**Task to complete:** Reproduce, with no changes, the line where "Pottnar Bluetooth Slušalke" appears and every subsequent line of the listing, the last one included.

**Records for processing:**
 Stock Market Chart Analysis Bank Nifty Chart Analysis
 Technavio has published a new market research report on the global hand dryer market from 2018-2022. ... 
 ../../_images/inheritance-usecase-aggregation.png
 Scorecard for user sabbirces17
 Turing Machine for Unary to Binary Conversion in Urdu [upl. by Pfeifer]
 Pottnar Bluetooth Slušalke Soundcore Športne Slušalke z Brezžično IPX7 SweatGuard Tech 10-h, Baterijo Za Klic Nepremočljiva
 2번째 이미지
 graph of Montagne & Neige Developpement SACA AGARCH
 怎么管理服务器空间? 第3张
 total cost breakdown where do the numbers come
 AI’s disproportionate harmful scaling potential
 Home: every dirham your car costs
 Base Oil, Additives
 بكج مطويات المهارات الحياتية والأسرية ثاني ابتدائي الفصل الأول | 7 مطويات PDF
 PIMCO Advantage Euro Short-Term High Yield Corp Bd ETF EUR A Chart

**Output of the exercise:**
 Pottnar Bluetooth Slušalke Soundcore Športne Slušalke z Brezžično IPX7 SweatGuard Tech 10-h, Baterijo Za Klic Nepremočljiva
 2번째 이미지
 graph of Montagne & Neige Developpement SACA AGARCH
 怎么管理服务器空间? 第3张
 total cost breakdown where do the numbers come
 AI’s disproportionate harmful scaling potential
 Home: every dirham your car costs
 Base Oil, Additives
 بكج مطويات المهارات الحياتية والأسرية ثاني ابتدائي الفصل الأول | 7 مطويات PDF
 PIMCO Advantage Euro Short-Term High Yield Corp Bd ETF EUR A Chart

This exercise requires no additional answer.